Çok değişik hesaplar yapılıyor. Dünyada üretilen toplam gıda, Amerikalıların diyetiyle tüketilirse ancak iki buçuk milyar insanı besliyor. Afrikalılar gibi tüketilirse 20 milyar insanı besliyor.
Esas itibariyle üretilen gıdanın %40’ı zayi oluyor ve bunun önüne geçilmesi gerekiyor. Halen üretilen gıda ürünlerinin %20’si hasat, harman ve depolamada kaybediliyor. Geri kalanının yarısı mutfak artıkları olarak çöpe giderken, geri kalanı aşırı yemek suretiyle kanalizasyona gidiyor. Dünya Gıda Tarım Örgütü gıda kayıplarının azaltılması için sürekli uyarılarda bulunuyor.

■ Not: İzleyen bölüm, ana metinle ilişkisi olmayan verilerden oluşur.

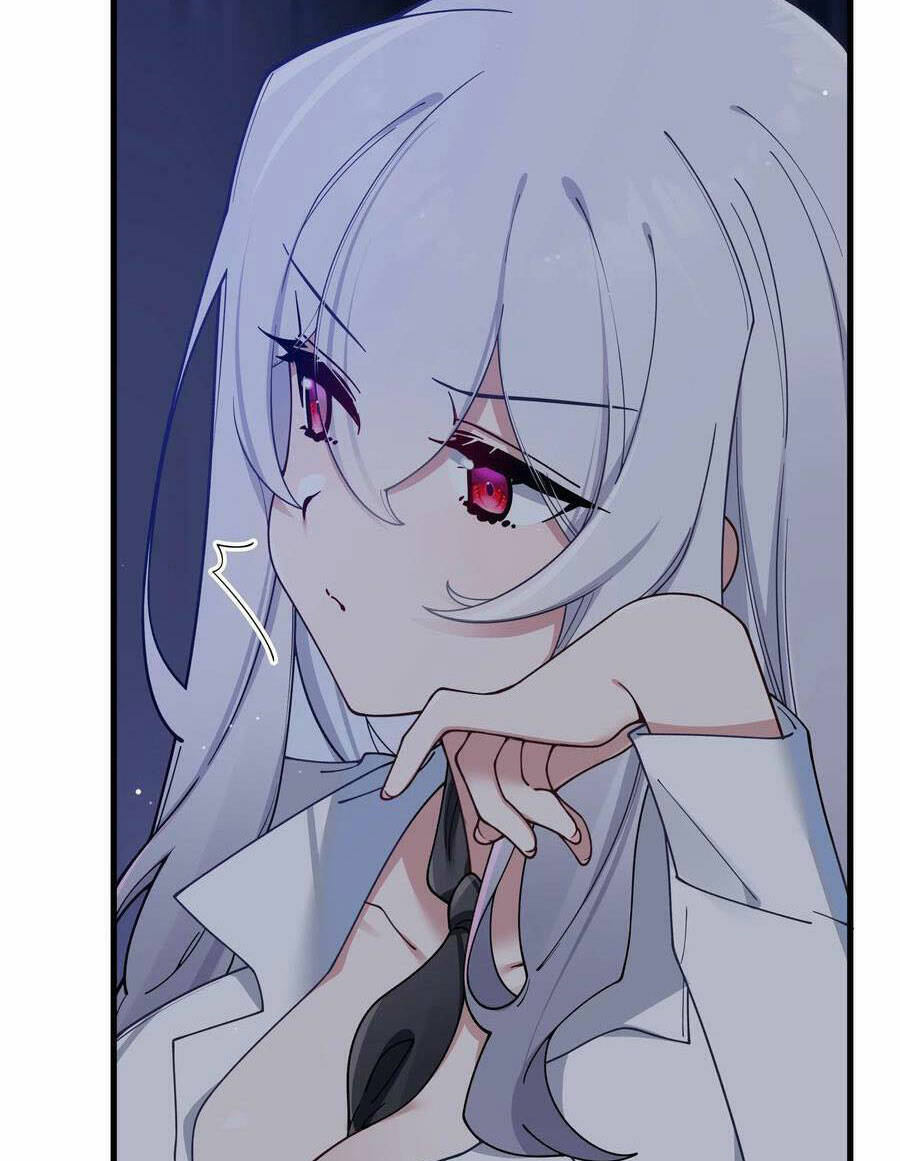 Làm Sao Để Chạy Trốn Dàn Hậu Cung Chapter 84 - Trang 2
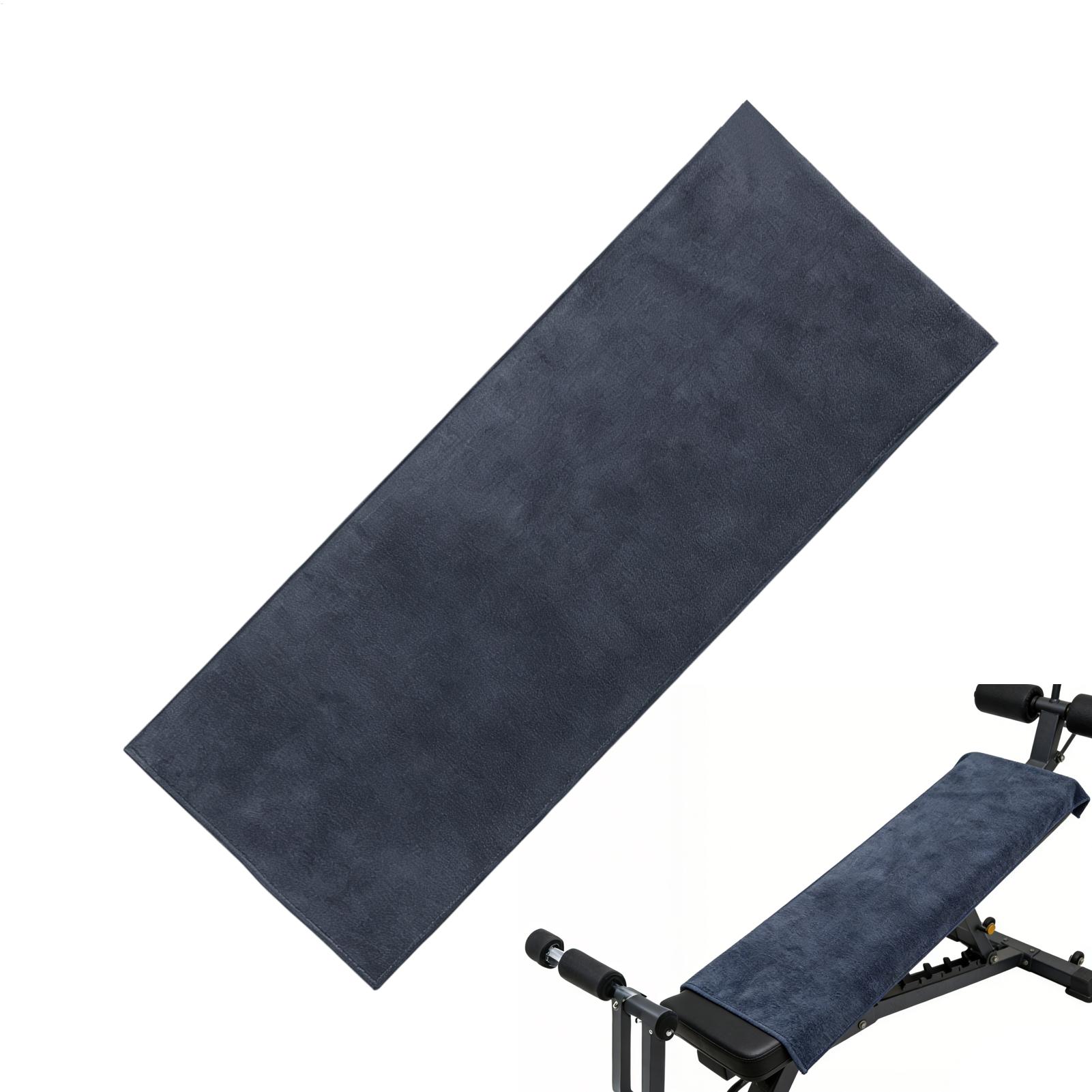Handuk Gym Berkinerja Tinggi d - Gym Floor Mats ulasan dan harga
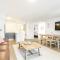 Beaches Apartments Byron Bay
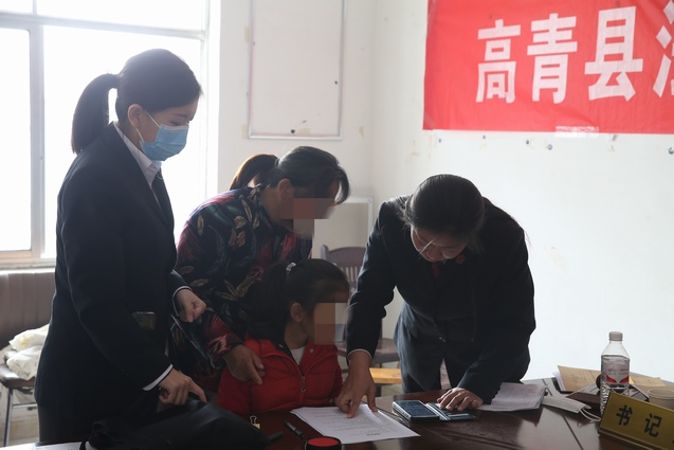 微信图片_20221124160830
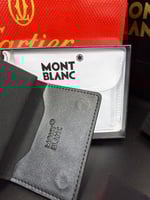 محظة ماوتن بلانك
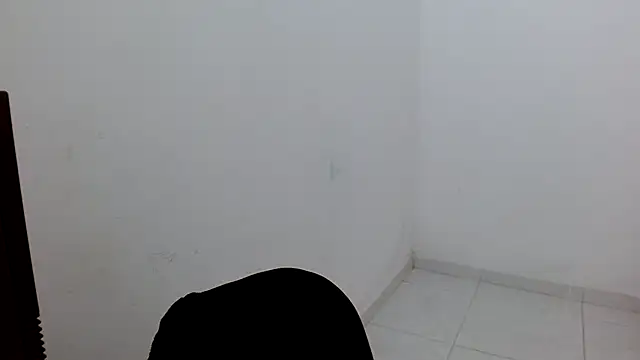 estefania224 webcam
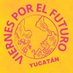 FFF Yucatán (@fffyucatan) Twitter profile photo FFF Yucatán (@fffyucatan) Twitter profile photo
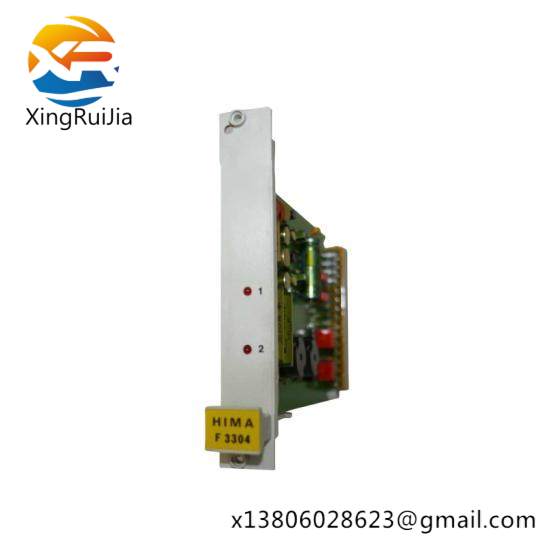 hima_f3304_plc_module.jpg HIMA F3304 PLC Module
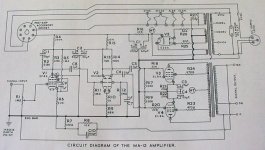Heathkit MA-12 Schematic - The Worlds Rarest Circuit Diagram.jpg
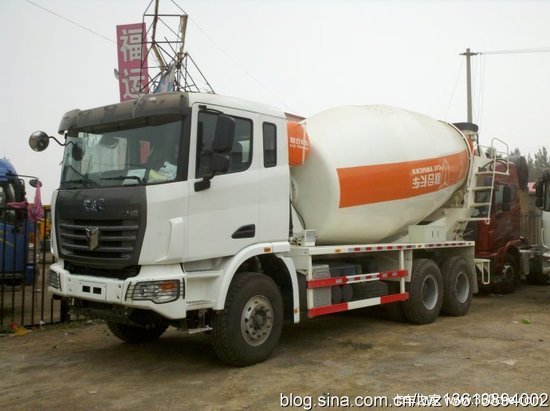 ���Ͽ���U340���������賵�ѵ�½�ӱ�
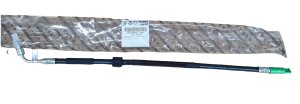 Câble d'embrayage 46745159 Fiat Doblo 1.3 1.6 Original Neuf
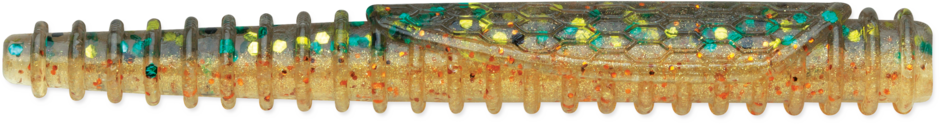 Rapala Crush City Ned BLT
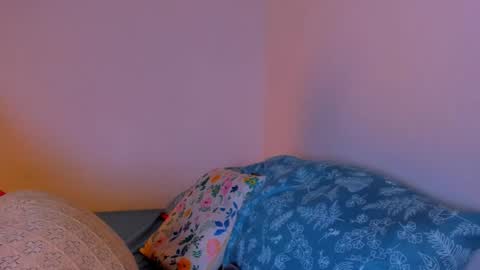 Gabby online show from January 19, 2026, 12:47 am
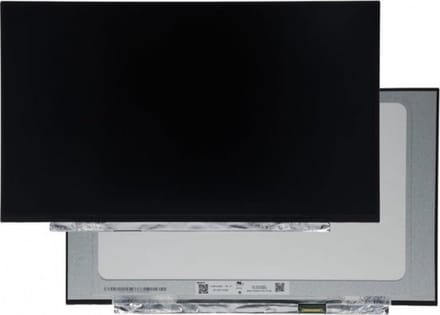 Lenovo 15.6 inch LCD Scherm 1920x1080 Mat
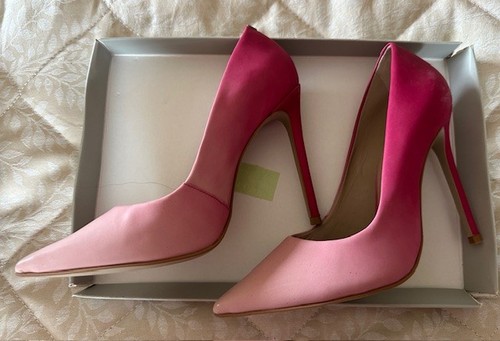 Carvela kurt geiger pink - kurt,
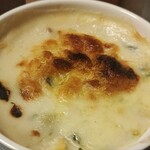 ごんべえ - 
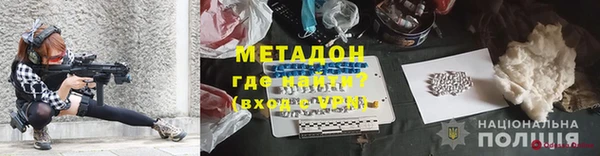 винт Алексин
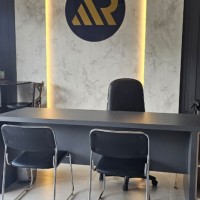 Imagem da imobiliária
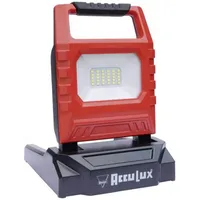 AccuLux 1500 LED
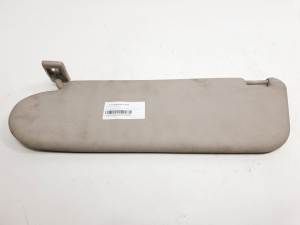PARASOL DERECHO 90520923 OPEL ASTRA G CARAVAN Autodesguaces Alicante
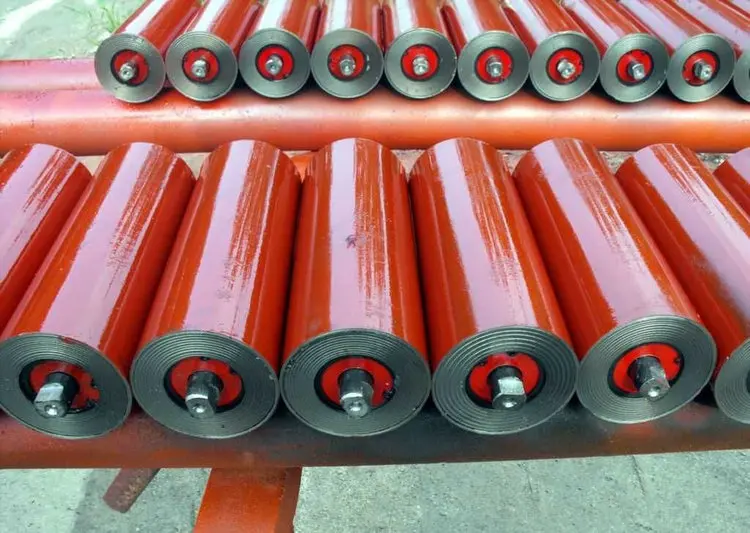 Китай завод продает поддон конвейер ролик покупка на alibaba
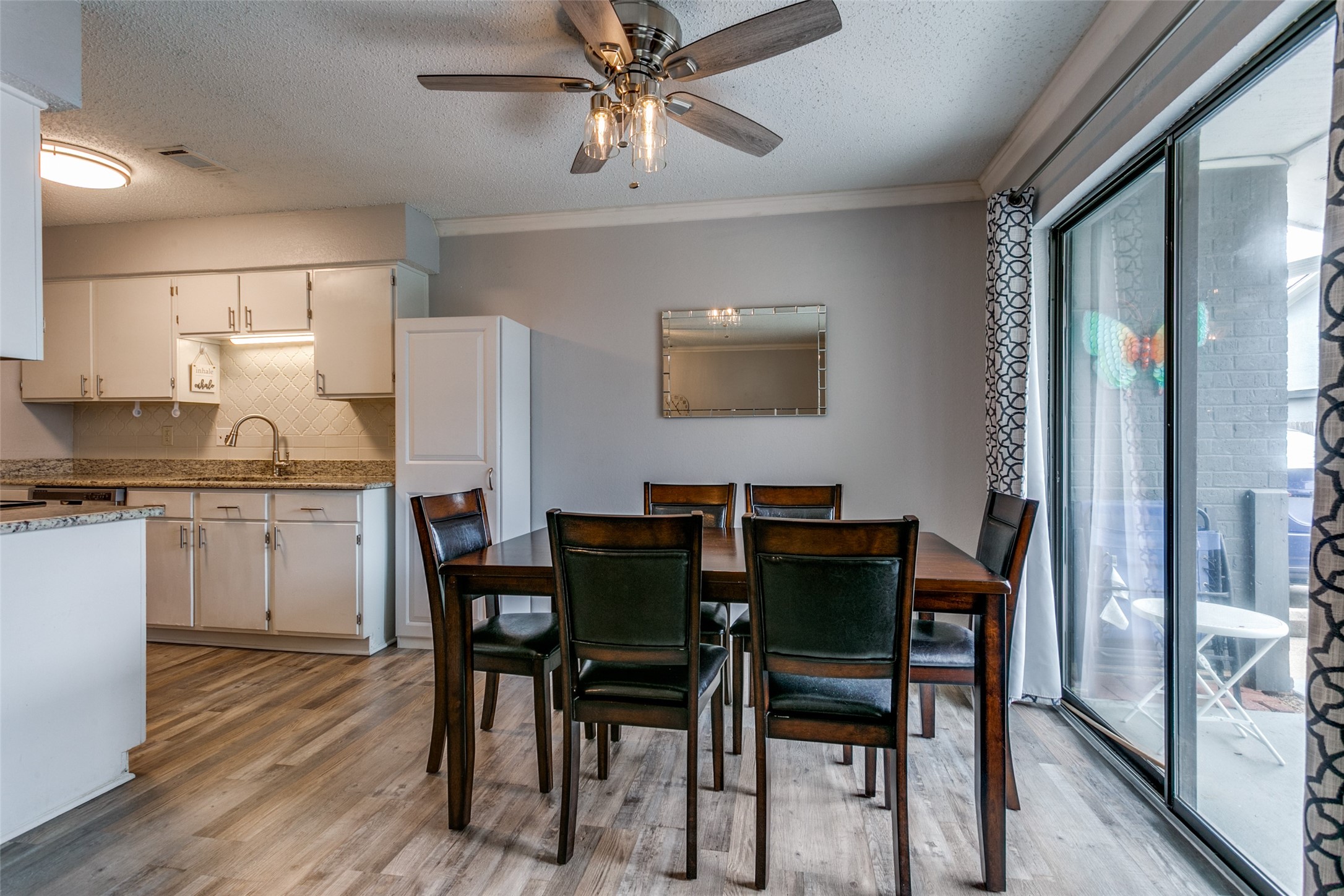 649 Timberline Drive Hurst TX 76053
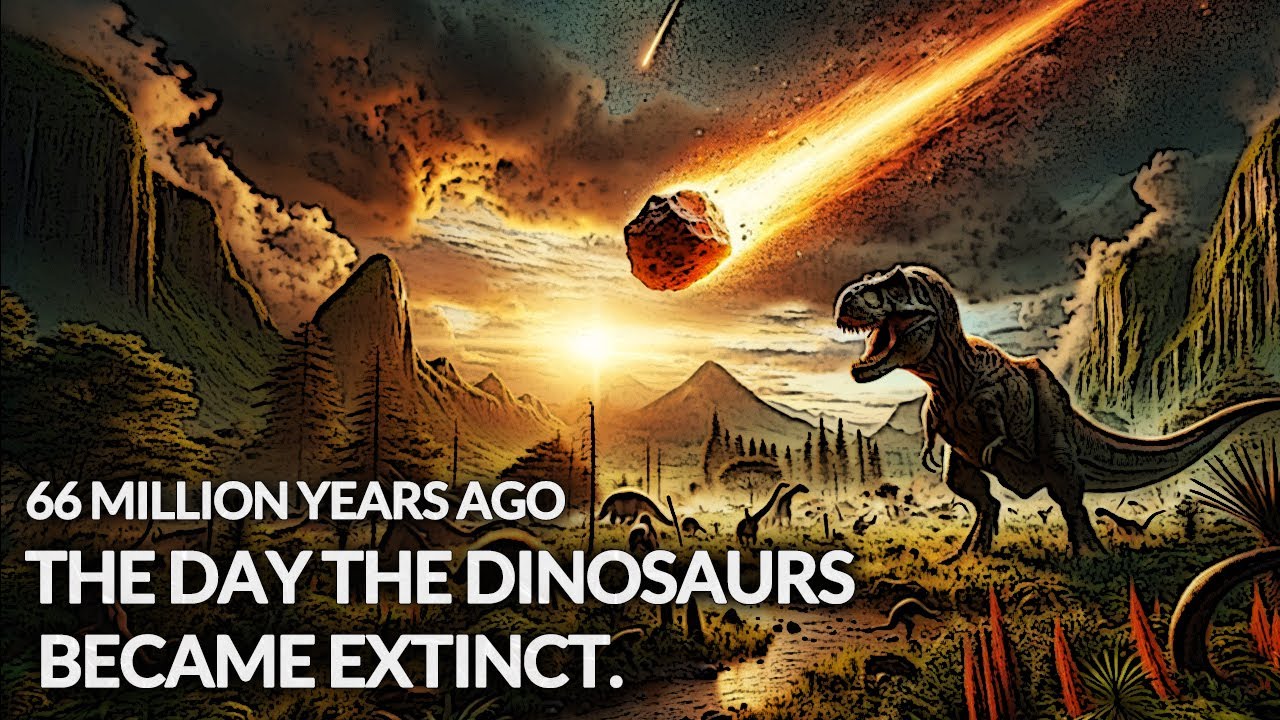 dinosaurs-last-dawn-the-tragic-extinction-event-66-million-years-ago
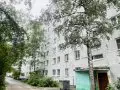 Купить 1-комнатную квартиру, 28 м², Малаховка дп, Комсомольская ул, 1, Московская обл - фотография №1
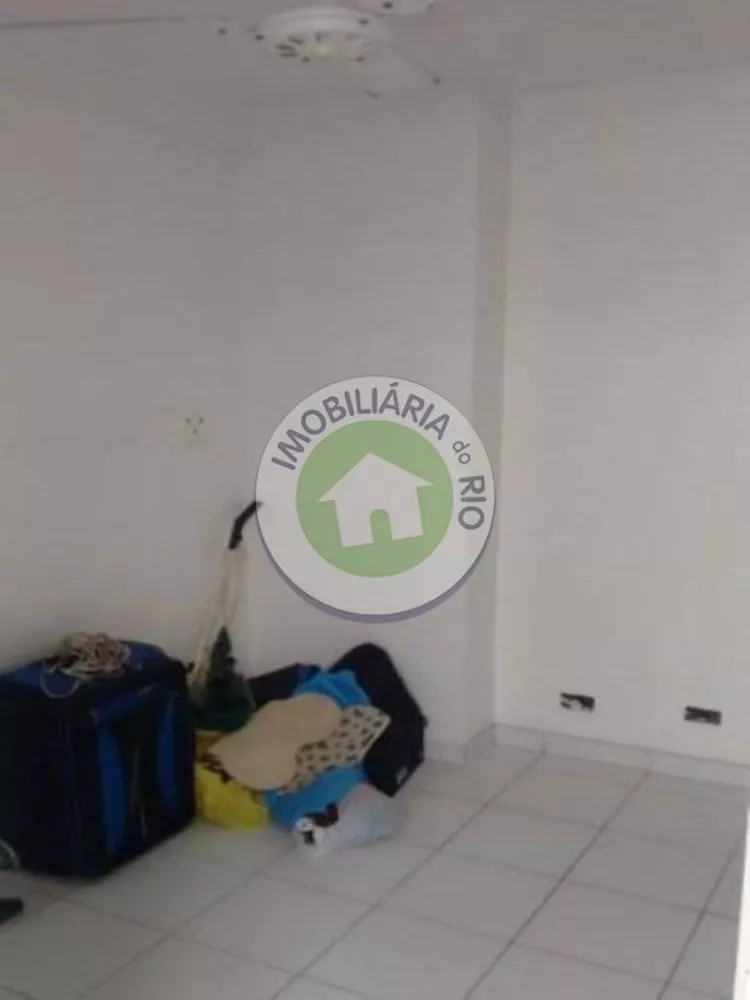 Cobertura, 4 quartos, 309 m² - Foto 6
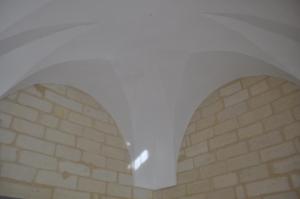 Fotografie z fotogalerie ubytování B&B Lecce Holidays v destinaci Lecce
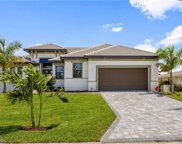 114 SW 52nd Street, Cape Coral image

Bilim adamları, önce içeriğini analiz ederek ve bu bulgulara dayanarak, sürdürülebilir yakıtlar, biyogaz ve elektrikten yararlı kimyasallar ve organik gübreye kadar çeşitli üretim fırsatları önererek, gıda işleme atıklarının değerlendirilmesi için önemli çalışmalara imza atıyorlar.
Patates kabukları, kızarmış hamur parçacıkları, peynir altı suyu ve düzenli olarak çöplüklere giden diğer endüstriyel gıda işleme atıkları için tekrar kullanım alanları ortaya çıkıyor. Atıklar ekonomiye kazandırılırken sera gazı emisyonları da azaltılıyor.
Araştırmacılar, ABD’nin Ohio eyaletinde bulunan büyük gıda işleme şirketlerinden 14'ünden ve toplamda 46 atık örneği toplayarak yürüttükleri çalışmada, atıkları bitkisel atıklar, yağ içeriği yüksek atıklar, endüstriyel çamur ve nişastalı atıklar guruplarına ayırarak hangi amaçlarla kullanılabileceklerini test etmişler.
Atık guruplarının kimyasal içeriklerini belirleyen araştırıcılar, soya küspesi gibi yağlı gurubu oluşturan atıkların biyodizel üretimi için işlenebilir yeterlilikte olduğunu belirlediler. Nişastalı atıklarla birlikte yağlı atıkların biyogaz üretiminde de kullanılabileceğini, metan salınımı azaltılırken enerjisi alınmış materyalin çok değerli bir gübre olduğunu ortaya koydular.
Düşük kalorili bitkisel atıkların, enerji üretimi için çok uygun olmadığının ortaya konduğu çalışmalarda, bu materyallerin özü çıkarılabilen ve sağlığı teşvik eden bileşiklerde kullanılabilen bol miktarda organik flavonoid, antioksidan ve pigment kaynağı olduğunu tespit ettiler.
Yumurta kabukları ve domates kabuklarının kauçuk ürünlerde dolgu maddesi olarak kullanılabileceğini ortaya koyan araştırıcılar, lastik malzemelerde petrol kullanımının azaltılabileceğini belirlediler.
Mısırın, biyoyakıt, aseton ve bütanole üretiminde kullanıldığını belirten araştırıcılar, gıda atıklarının mısırın kullanıldığı alanlara girmesiyle, mısırın gıda ve yem sektöründe daha verimli kullanılacağını iddia ediyorlar. Diğer yandan mısır üretiminin azaltılması ve su israfının önüne geçilmesi açısından da bu öneri önem arz ediyor.
Önerilen dönüştürme teknolojileri gerek gıda işleme tesislerinde ortaya çıkan atıkların, gerekse mutfak artıklarının yeniden kullanımı ve geri kazanımı alanında devrim niteliği taşıyor. Bütün mesele bu alanda sürdürülebilir yatırımlar yapmak ve dünya ekosistemine hizmet etmek.